The only person on the dais not to present a happy, all-in-agreement, press conference face was Mr. Britt, who looked ill at ease but spoke plainly.
"I'm saddened to see the museum move," he said. "But I realize we didn't do anything to help you stay."
Only Mr. Britt's words gave any indication of the years-long struggle to reach resolution on the matter. The rosy glow engendered by the vision of a bright new art gallery, operated in close interaction with the college's faculty and fine arts students, was dampened a little as Mr. Britt continued.
"I wish you well. We might have muffed it, but I hope you will still be part of the community."
The Parrish Art Museum has always been a linchpin of Southampton Village, but the trustees felt that for it to be a viable, competitive 21st-century art museum there had to be changes. For one thing, the museum's permanent collection, which includes a wealth of work by William Merritt Chase, Fairfield Porter, and Roy Lichtenstein, lives in the basement and rarely sees the light of day.
The museum had originally planned to expand on its original site - to which end it bought the former Rogers Memorial Library next door. To move to a new place would have been far easier than adapting these two buildings, which, although rightfully beloved, would have been very difficult to convert.
Nonetheless, a plan was devised that would have nearly doubled the museum's size, funds were raised, and all seemed to be moving ahead.
Then the Parrish ran into a brick wall of critics who insisted that the grounds not be touched, and that the old brick wall and railings remain in place. They disapproved of the construction of a glass pavilion visible from Job's Lane. The Parrish trustees made concessions, and more concessions, but in the end found too many impediments in the way of expansion.
Reluctantly, they began to look at alternatives.
This was seen by some as a bluff. "They are simply using a scare tactic," said Ceal Havemeyer, the president of the Southampton Preservation Society, in a story reported by John Rather of The New York Times in June 2002.
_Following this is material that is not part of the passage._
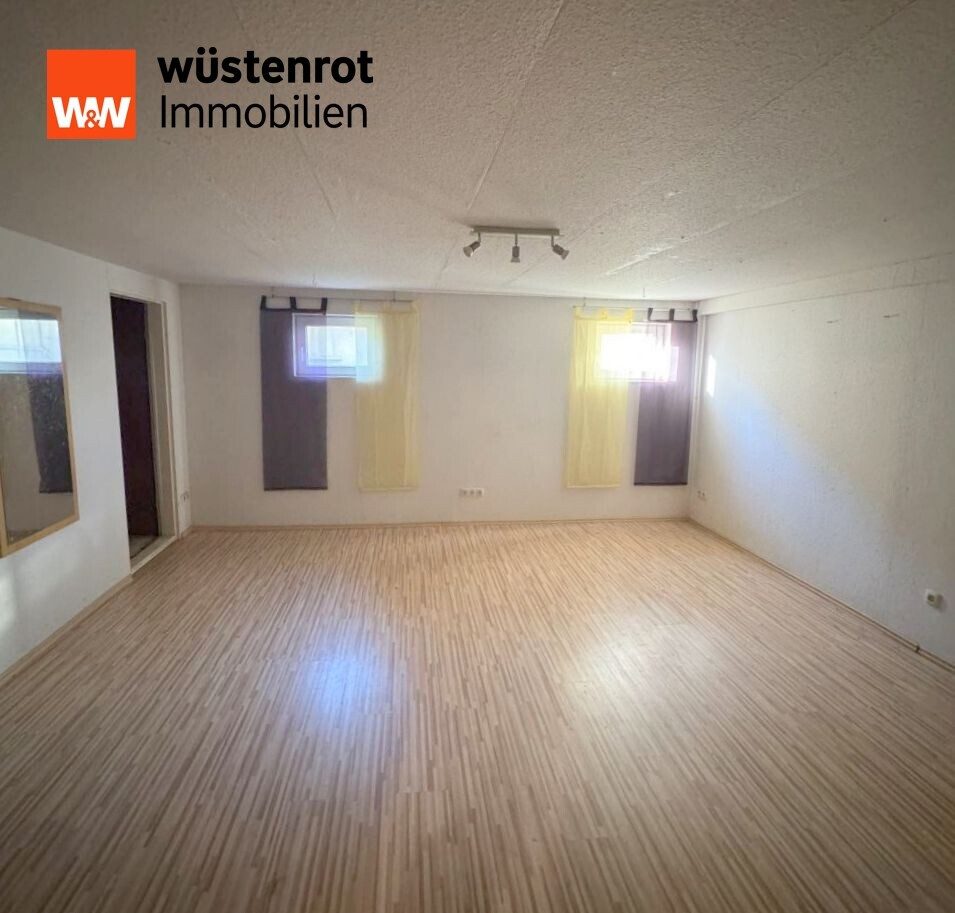 Immobilienangebot - Eschach - Alle - Sofort einziehen! Wohnhaus in ruhiger Wohnlage mit Garage, offener Kamin und großem Hobbyraum!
"It's a way of frightening the village board," Ms. Havemeyer said. "They can go out and look all they want, but they are not going to find anything suitable. It will be a lot less chic being next to the Hess station on Montauk Highway."
"This was a collective decision on the board's part to rethink the museum in several ways," Ms. Kramer said on Monday. With the Parrish Modern the museum will be able to "show the sweep of art on the East End beginning with William Merritt Chase and going forward," and the Historical Parrish will preserve a different aspect of art history.
The move, which, she said, is "really an expansion," will make the Parrish a "must-visit destination. And it's beneficial to us and to the college. Students will be able to work in our studio space, and to draw in our galleries, as art students do. The timing is quite wonderful for both of us."
Southampton Village has been brightened recently with innovative and lively programs at the Southampton Historical Society and the Rogers Memorial Library, which was rejuvenated by its move to a new building.
But it was the Parrish that kept the blood flowing through the village's veins with a whole range of snappy shows, from Barbara Kruger's bright red adages written across the museum's front steps to Donald Lipsky's riotous tree-rescue installation with its tubs of floating lemons and veins of green liquid pumped through tubing around the gallery walls.
The Parrish Modern, with over 2,000 pieces of American art and new galleries, also will be able to mount a considerably wider range of traveling exhibits.
The village will have gotten what it wanted, no changes to Samuel Parrish's building and no changes to the gardens. The museum will look pretty much as it did at the beginning of the last century, with a mere 100 works, and those copies or works by minor artists. A variety of programs will be offered in the auditorium, but whether the crowds will flock to the Historical Parrish remains to be seen.
What will happen to the old library building, which is owned by the Parrish and not the village, has not yet been decided.